Ghrelin is called the "hunger hormone"because in previous studies people who received this hormone, became so hungry that ate significantly more than usual.
Ghrelin may act on the "pleasure centers" in the brain, forcing you to reach back for another piece of pie just because you remember how delicious was the first and as you were pleased (at least at the moment).Simply put, one of the forces that cause you to eat (and overeat — a second helping or another dessert, even if you ate) is, without a doubt, ghrelin.
The level of this hormone in the body is affected by a completely different, more complex phenomenon. However, one of the most interesting findings to date is the ability of the mind to "circle the stomach around your finger" — and this leads to a sharp decrease of ghrelin even in the absence of abundant food.

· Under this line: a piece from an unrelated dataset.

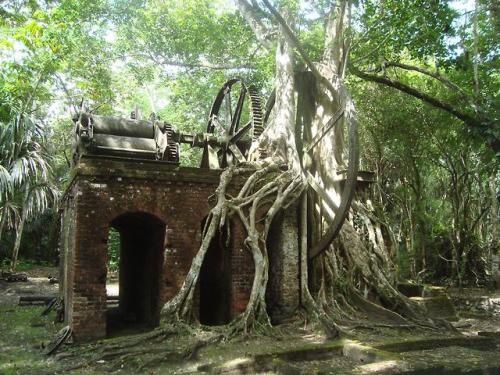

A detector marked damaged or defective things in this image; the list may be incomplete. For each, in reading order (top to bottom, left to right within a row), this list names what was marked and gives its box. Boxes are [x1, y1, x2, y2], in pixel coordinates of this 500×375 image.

rusted metal machinery [73, 78, 264, 169]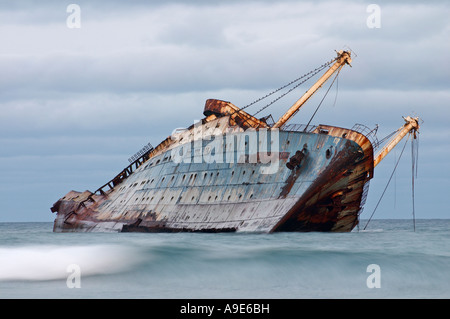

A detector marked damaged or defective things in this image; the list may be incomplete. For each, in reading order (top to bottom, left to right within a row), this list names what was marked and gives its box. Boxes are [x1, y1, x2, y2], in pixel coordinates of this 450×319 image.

Experiment "Mind over milkshake":the study participants were given a milkshake, which was 380 calories. The bottle was attached labels of two kinds. On some labels was written that in a milkshake — as much as 620 calories and the other — that the cocktail is only 140 calories. It turned out that the physical changes and the saturation level of the participants corresponded to what was written on the label, not what was actually in the bottle.
Those who thought that drinking a milkshake with a huge amount of calories, after consuming the drink experienced a sharp drop in the level of ghrelin, while those who believed that drinking "low-calorie" cocktail, fluctuations in the level of ghrelin was not observed.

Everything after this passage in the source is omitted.